Pforzheim. Das erste Quartal des Wirtschaftsjahres verlief unerwartet minimal positiv, aber dennoch befindet sich Deutschland eher in einer wirtschaftlichen Seitwärtsbewegung. Das lässt sich auch von einer neuen Bundesregierung nicht schönreden. Zwar muss Kanzler Friedrich Merz Aufbruchstimmung erzeugen, aber jene sollte auf dem Fundament der Ehrlichkeit stehen.
Ein Kommentar von dem Geschäftsführenden Verleger der PZ
Merz scheint das erkannt zu haben, wenn er den Bürgerinnen und Bürgern sagt, dass man mehr arbeiten müsse, dass sinngemäß Work-Life-Balance nicht allein den Wohlstand sichern kann, dass der Schwerpunkt auf „Work“ liegen muss. Damit macht sich der Kanzler keine Freunde.


Wie lange reicht Städten und Gemeinden im Enzkreis noch das Geld?
Dennoch alarmiert, was derzeit in etlichen Gemeinden und Städten vermeldet wird: Viele Kommunen stehen vor dem finanziellen Kollaps. Die Kassen sind leer. Die Finanzlage ist dramatisch. Die Kommunen seien an den Rand ihrer Handlungsfähigkeit gekommen, heißt es vom Städtetag. Längst sind die Gewerbesteuereinnahmen flächendeckend eingebrochen. Damit trifft die Wirtschaftskrise mit voller Wucht Städte und Bürger. Dringend nötige Infrastrukturmaßnahmen können nicht finanziert werden. Straßensanierungen werden verschoben oder gestrichen.

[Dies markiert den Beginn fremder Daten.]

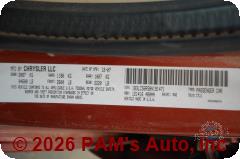 Vehicle photo 12
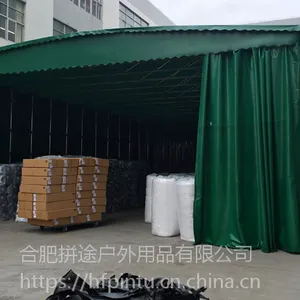 �Ϸ������ѷŻ���Ĵ��Ͳִ��ֿ�����������������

Hinzu kommt, dass die Kosten für Sozialtransferleistungen, Kita-Ausbau, Bundesteilhabegesetz oder den Rechtsanspruch auf Ganztagesbetreuung an den Grundschulen massiv steigen. Ein Teufelskreis, der Politiker aus Land und Bund alarmieren müsste. Doch Stuttgart und Berlin reagieren gar nicht bis halbherzig. Dabei tragen Land und Bund an der Misere einen Großteil der Schuld. Denn der Löwenanteil der Gesetze wird eben dort gemacht. Die gesetzlich verordneten Maßnahmen umsetzen und finanzieren müssen jedoch die Städte und Gemeinden. Deswegen ist es geradezu paradox, wenn Landes- und Bundespolitiker über Bürokratisierung klagen, haben sie doch selbst dafür gesorgt, dass mehr bürokratische Hemmnisse aufgebaut werden. Der entschuldigende Verweis auf Brüssel und die europäischen Vorschriften zieht nicht wirklich. Denn im Europaparlament ist Deutschland stark vertreten.

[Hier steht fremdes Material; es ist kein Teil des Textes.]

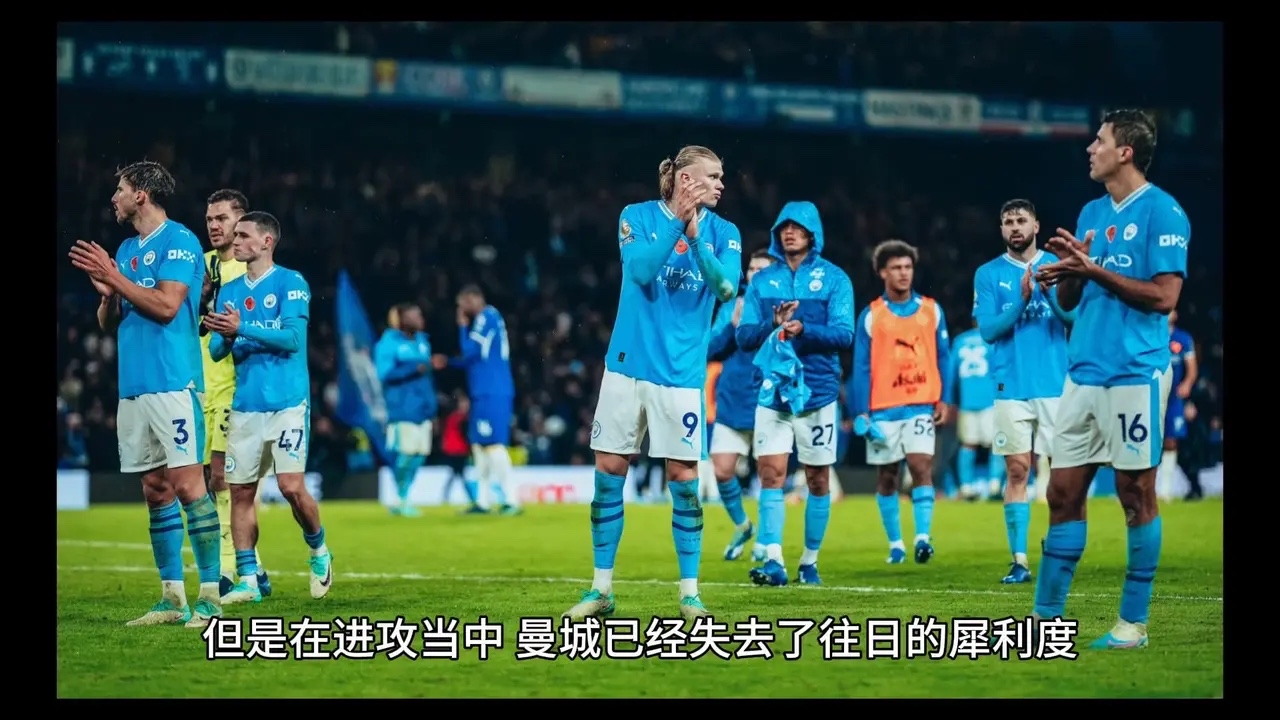 星空体育-切沃主场战平乌迪内斯，保持不败纪录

Die neue Koalition im Bund ist gut beraten, wenn sie Ernst macht mit Entbürokratisierung. Wieder nur Fensterreden halten und Absichtserklärungen formulieren, ist definitiv zu wenig. Die Bürgerinnen und Bürger durchschauen diese Hinhaltetaktik eh. Was dann bei den nächsten Wahlen geschieht, hat man bei der Bundestagswahl gesehen. Die Volksparteien werden abgestraft. Protest an der Wahlurne macht sich breit – und damit auch Extremismus. Diese Entwicklung lässt sich nur durch ehrliche und bürgernahe Politik verhindern.